Traditionally, mortgage rates change with the economy, and lower rates occur when the economy is reeling. Cheap financing helped steer the housing recovery. With lower rates allowing qualified home buyers to obtain this cheaper financing, the market supported a swell in both price increases and home sales. Now with this recovery in the U.S. housing market, along with lower unemployment and job growth (job gains are averaging 202,000/ month these past 6 months), rates are expected to rise again.
According to the Mortgage Bankers Association, applications for home purchases rose 7% since early May. The association also predicted that the 30-year mortgage rates would increase to 4.4% by the end of 2013. A big factor in their prediction was knowing that the Federal Reserve will eventually stop purchasing mortgage-backed securities.
In 2008, the Federal Reserve developed a program call The Agency Mortgage-Backed Securities Purchase Program in response to the economic crisis of the time. The Federal Reserve supported the housing market by buying up to $85 billion a month in Treasury bonds and mortgage-back securities. This allowed lenders to sell mortgage loans at unprecedented interest rates because they could get back their money, plus profit, immediately. Then in September 2012, the Federal Reserve announced it would buy up to $40 billion a month in mortgage-back securities until the economy demonstrated signs of recovery. Now that economic conditions are improving, the Federal Reserve’s involvement in the program will decrease, driving up the rates higher.
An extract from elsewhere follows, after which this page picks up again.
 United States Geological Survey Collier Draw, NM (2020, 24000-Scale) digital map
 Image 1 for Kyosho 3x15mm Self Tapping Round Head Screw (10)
Originally, the Federal Reserve was expected to begin decreasing their purchases of mortgage-backed securities in late 2013, but that timeframe was moved up. And speculation that the Federal Reserve would stop the stimulus program that had been reducing rates already incited rate increases. But rates dramatically jumped when Federal Reserve Chairman Ben Bernanke announced on June 19th that if the economy continued showing signs of improvement, the central bank would wind down one of its bond-buying programs by the mid 2014. Investors reacted immediately once Chairman Bernanke provided a time frame for the end of the program.
In 2003, the 30-year mortgage rate hit a 37-year low at 5.23%. Before the economic crisis, that was the record low, and it’s a number market experts believe we will get closer to as we move forward. For those who have been watching from the sidelines and waiting for the rates to go lower, just know that they are only going to go up. Consider the rate increase when the Federal Reserve merely announced it would stop its stimulus program some time in the next year. Now consider what will happen when the program is actually cancelled and that cancellation is implemented…..So don’t wait, jump in there! Even if the rates go up a percentage or so, mortgages will still be historically low. So if you haven’t already, now’s the time to buy.